Plus without Conty/ProTour status, Astana certainly would not make the cut at any ASO races. Probably not the Giro either. 

I am all in favor of a Astana implosion, followed by a epic game of GC contender musical chairs. :thumbsup:


----------



## Coolhand (Jul 28, 2002)

*Text of interest*



Coolhand said:


> Link for those interested:
> 
> http://www.velonews.com/article/99519/astana-s-missed-deadline-may-give-contador-an-out


Here is the interesting part:



> Article 2.15.139 of the UCI rulebook includes provisions that allow a rider to “terminate the present contract, without notice nor liability for damages,” if certain conditions or circumstances occur.
> 
> Included in that list are a team’s bankruptcy, loss of ProTour status and sub-section 8, which may serve as the key to Contador’s early exit from the Astana:
> 
> ...


----------



## Gnarly 928 (Nov 19, 2005)

Maybe whoever he signs with will send him to the TOC rather than the Giro...Wouldn't that be cool? Head to head against Lance and Levi on American soil...Beat them 'Murikans! 

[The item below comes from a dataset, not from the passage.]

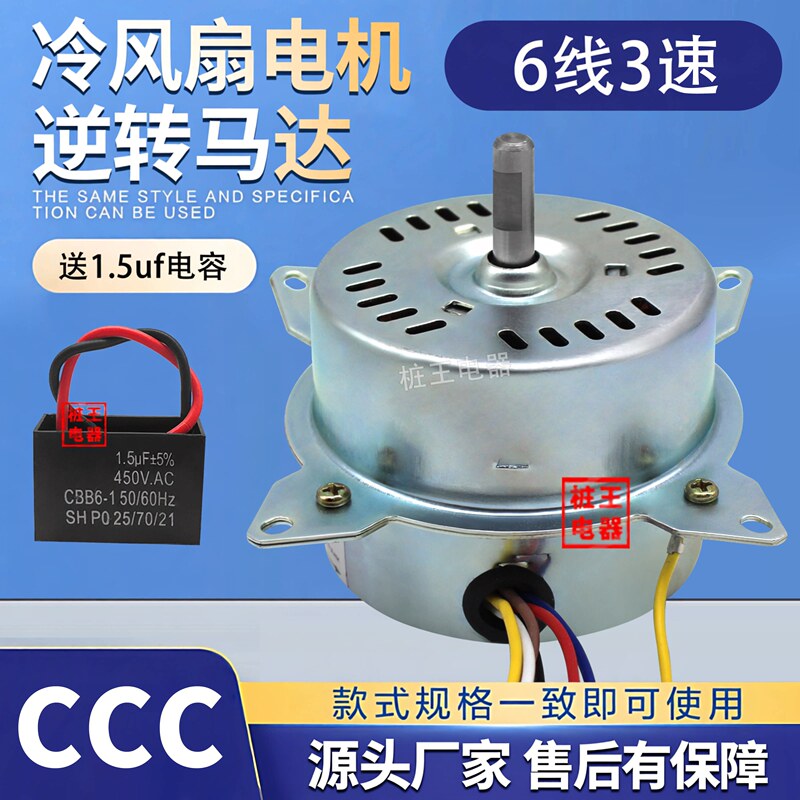 50W Cooling Fan Motor 6-Wire 3-Speed Reversible Motor Air Conditioning Fan Four-Leg Motor Cylindrical Air Conditioning Fan Tower Fan Motor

If Pro Cycling is all about the money and 'value' for sponsors, imagine the interest in that kind of confrontation.. The Giro? Ho-hum...just another Euro stage race like's been going on for years and years..

.I know....Say Garmin gets him, Vaughters mouths-off with a lot of his 'holier than thou' rap and gets Ole Lance all riled-up (Twitter-pated) ..Hincapie slips into the mix somehow...maybe as a stage winner early on..(they can fix that) Frank and Andy show again...(what could it cost Amgen to get them over?) We get Lance's little buddy Cavendish and Thor for the flat crap and have some kinda demonstration in downtown LA that holds up the race... and 'We got a ratings winner'.... Much better $how than any old Giro... Amgen could probably get the Guvinator and Obama..maybe even Sarah Palin...


----------



## peter.hardie (May 31, 2006)

alexb618 said:


> until we hear from an official source 'alberto contador is now out of his contract with astana' it means nothing, apart from internet forum speculation


Kinda what the interwebs are for? No?


----------



## JSR (Feb 27, 2006)

Gnarly 928 said:


> Maybe whoever he signs with will send him to the TOC rather than the Giro...Wouldn't that be cool? Head to head against Lance and Levi on American soil...Beat them 'Murikans!
> 
> If Pro Cycling is all about the money and 'value' for sponsors, imagine the interest in that kind of confrontation.. The Giro? Ho-hum...just another Euro stage race like's been going on for years and years..
> 
> .I know....Say Garmin gets him, Vaughters mouths-off with a lot of his 'holier than thou' rap and gets Ole Lance all riled-up (Twitter-pated) ..Hincapie slips into the mix somehow...maybe as a stage winner early on..(they can fix that) Frank and Andy show again...(what could it cost Amgen to get them over?) We get Lance's little buddy Cavendish and Thor for the flat crap and have some kinda demonstration in downtown LA that holds up the race... and 'We got a ratings winner'.... Much better $how than any old Giro... Amgen could probably get the Guvinator and Obama..maybe even Sarah Palin...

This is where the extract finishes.